◆ What needs to be done ◆
The answer must consist only of the lines in the records below from the line with "Mercedes-Benz EQE SUV" to the line with "Middle Drewston", both included, copied word for word with every picture left out.

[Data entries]
════

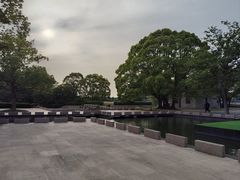 -上海月湖雕塑公园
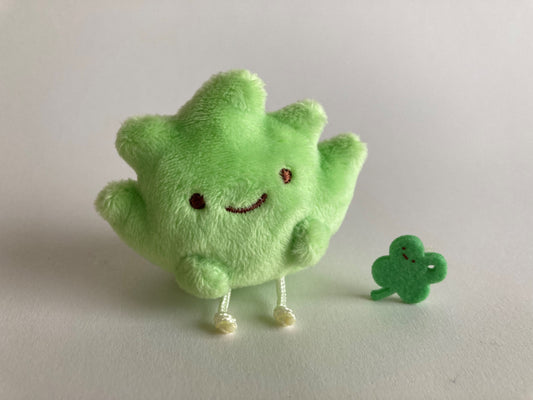 Sumikko Gurashi Bamse Zassou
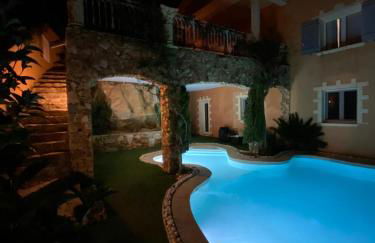 Villa Romana - Foto 2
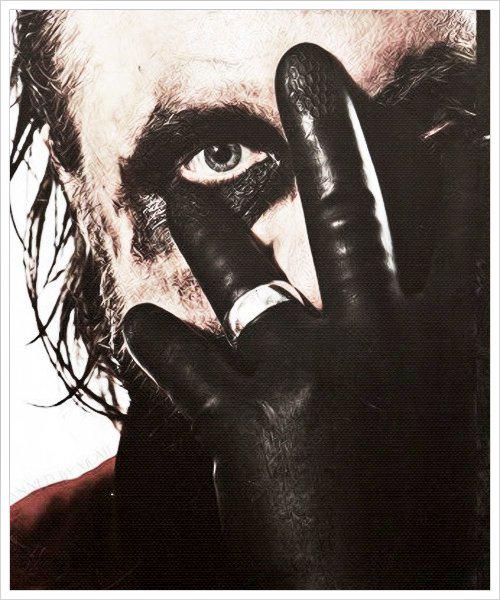 Happy Birthday Shawn Crahan  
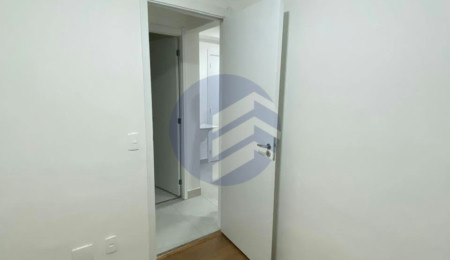 Apartamento para alugar com 2 quartos, sendo 1 banheiro, em Socorro, São Paulo - SP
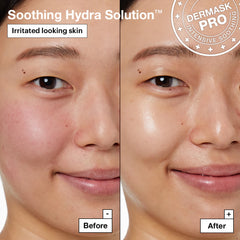 DR JART Hydrating + Soothing Face Mask Value Pack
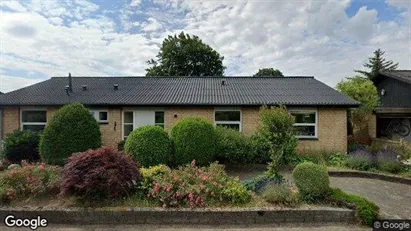 Lejligheder til salg i Them - Foto fra Google Street View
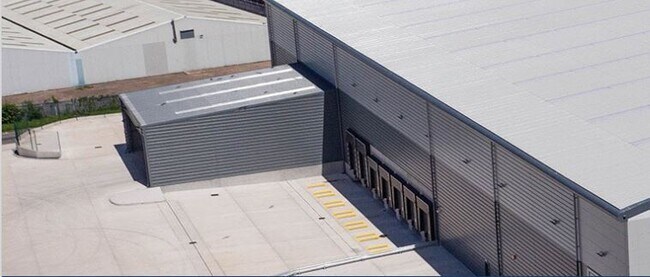 More details for Carlbury, Newton Aycliffe - Industrial for Lease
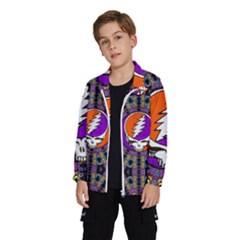 Kids  Windbreaker 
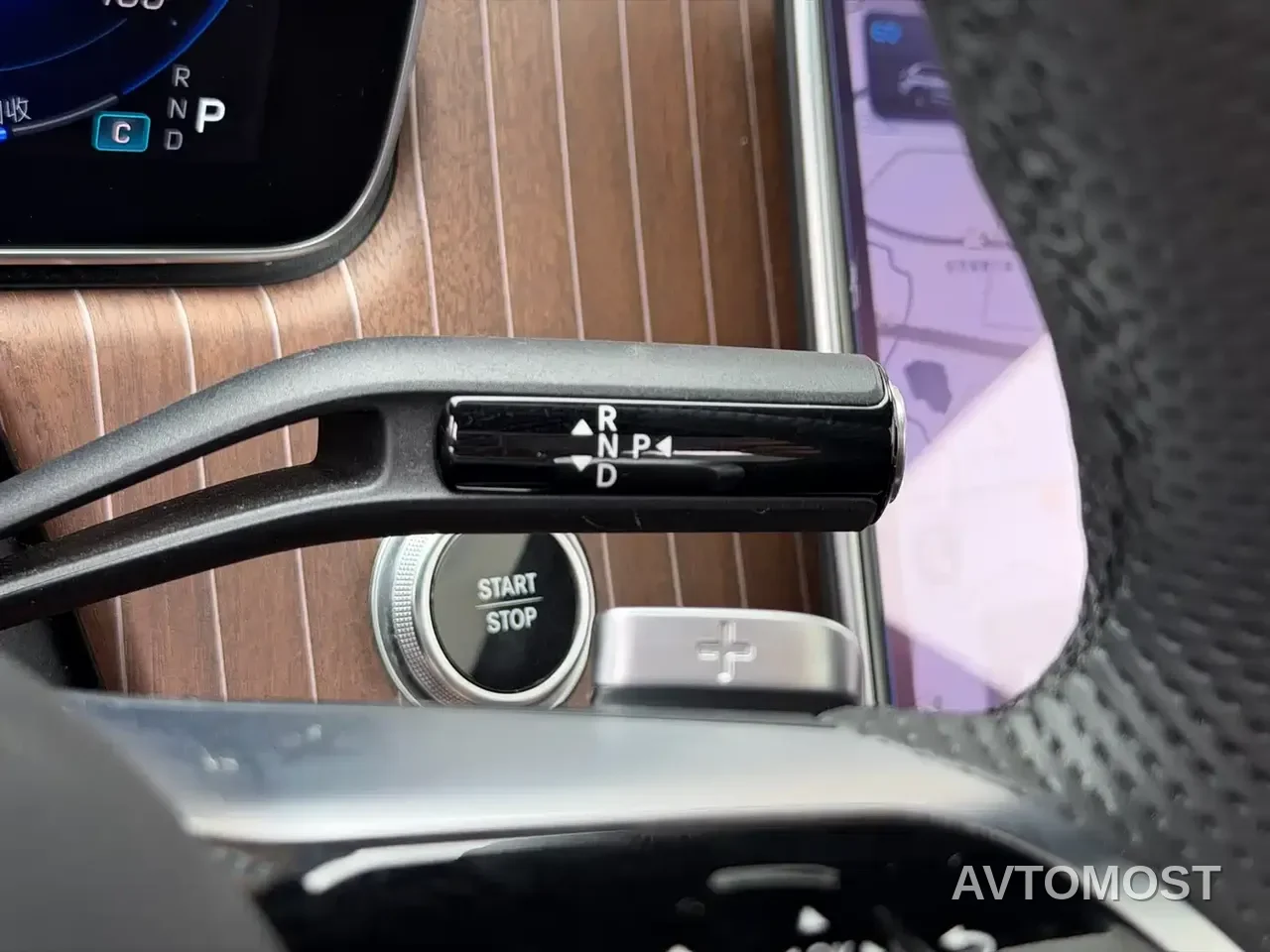 Mercedes-Benz EQE SUV 2023 350 4MATIC Luxury Edition — фото 18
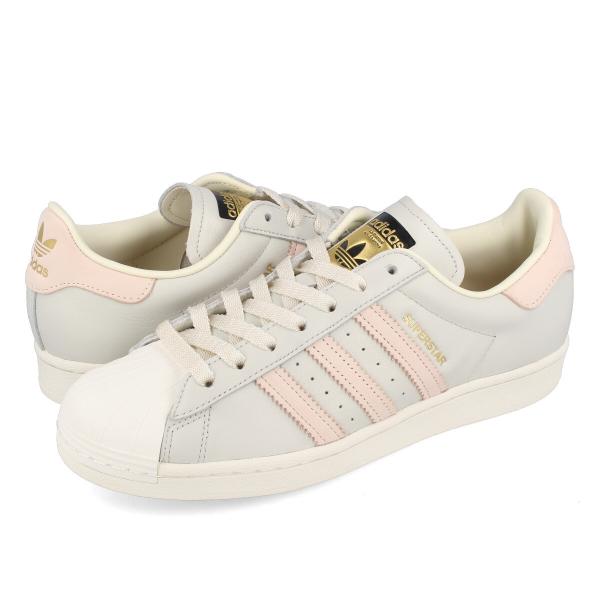 adidas SUPERSTAR アディダス スーパースター FTWR WHITE/OFF WHIT...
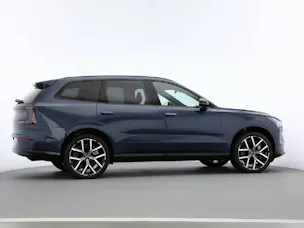 VOLVO EX90 Twin Ultra AWD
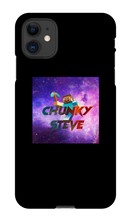 chunkysteve0 iPhone Phone Cases
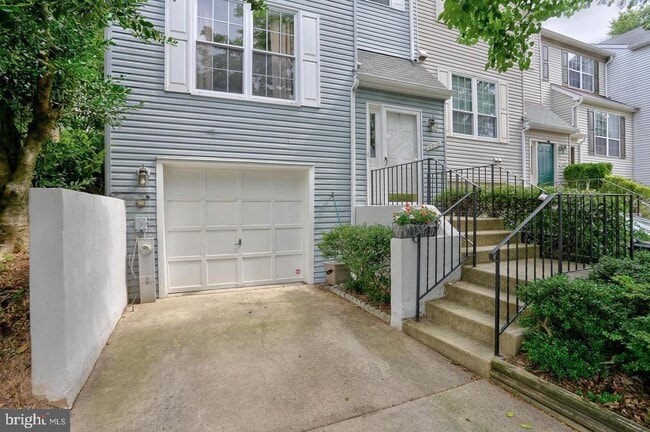 property at 4710 Leyden Way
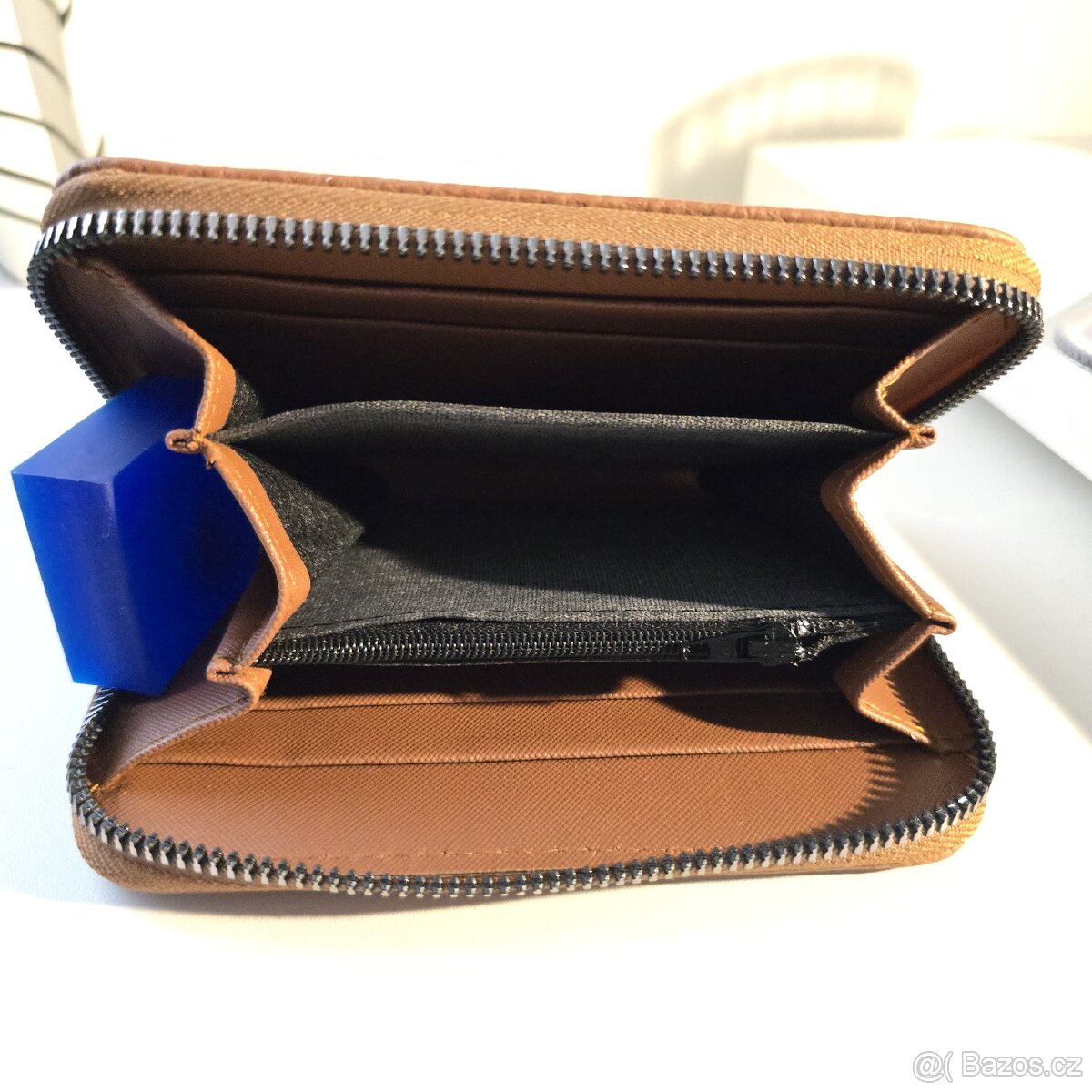 Dámská peněženka - 6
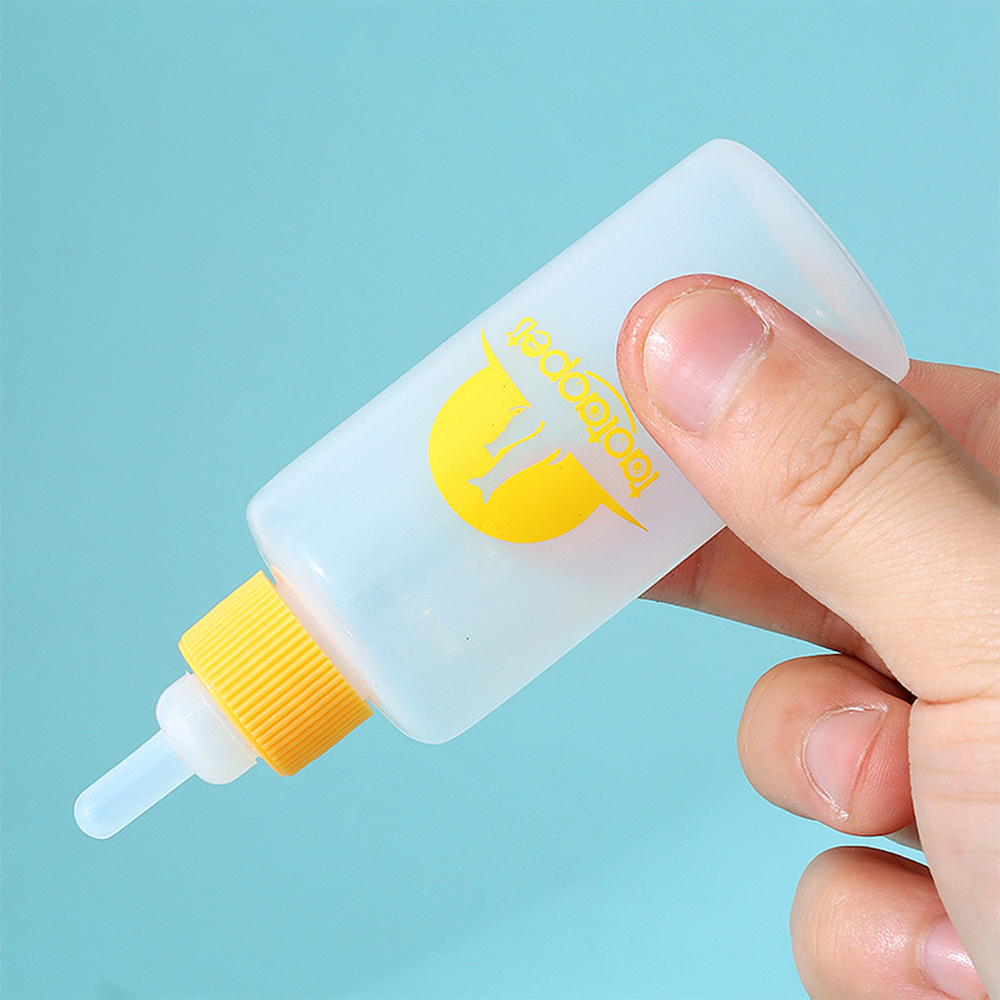 TAOTAOPETS Bình Ti Sữa (150ml) Nhựa An Toàn Cho Chó Mèo Con, Sơ Sinh (Tặng Kèm Chổi Cọ Bình)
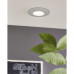 Дополнительное фото Светильник встраиваемый LED Eglo Margo-Led 97427: Купить в Интернет магазин освещения GCSVET.RU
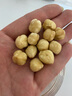 农香森 新货原味榛子仁500g坚果罐装熟烘焙孕妇零食干果散装 实拍图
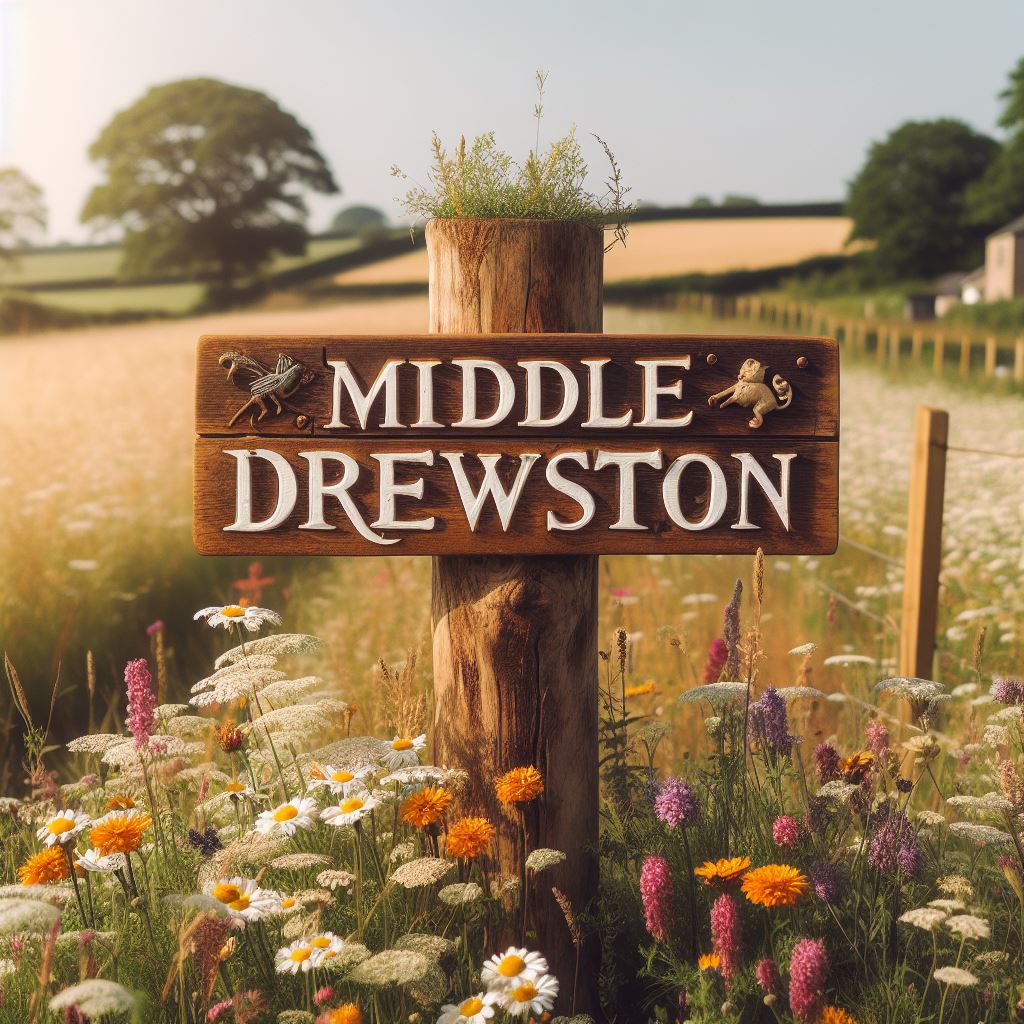Middle Drewston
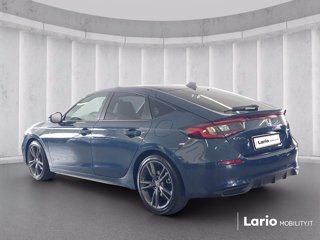 HONDA Civic 2.0 hev Sport ecvt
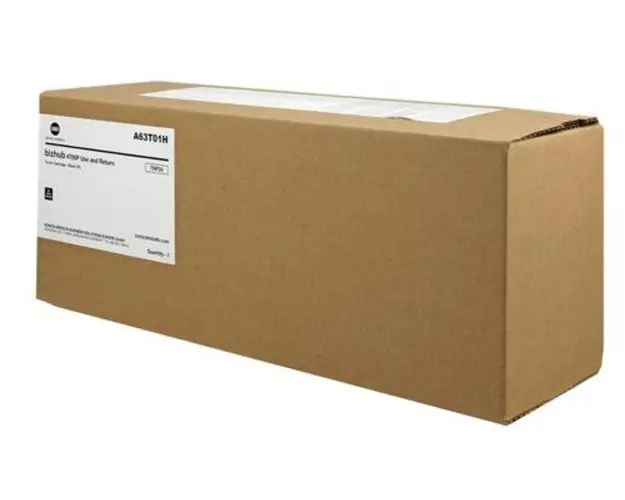 Toner Konica Minolta TNP-34, 20000 pagini (Negru)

════

◆ Result below ◆
 Mercedes-Benz EQE SUV 2023 350 4MATIC Luxury Edition — фото 18
 adidas SUPERSTAR アディダス スーパースター FTWR WHITE/OFF WHIT...
 VOLVO EX90 Twin Ultra AWD
 chunkysteve0 iPhone Phone Cases
 property at 4710 Leyden Way
 Dámská peněženka - 6
 TAOTAOPETS Bình Ti Sữa (150ml) Nhựa An Toàn Cho Chó Mèo Con, Sơ Sinh (Tặng Kèm Chổi Cọ Bình)
 Дополнительное фото Светильник встраиваемый LED Eglo Margo-Led 97427: Купить в Интернет магазин освещения GCSVET.RU
 农香森 新货原味榛子仁500g坚果罐装熟烘焙孕妇零食干果散装 实拍图
Middle Drewston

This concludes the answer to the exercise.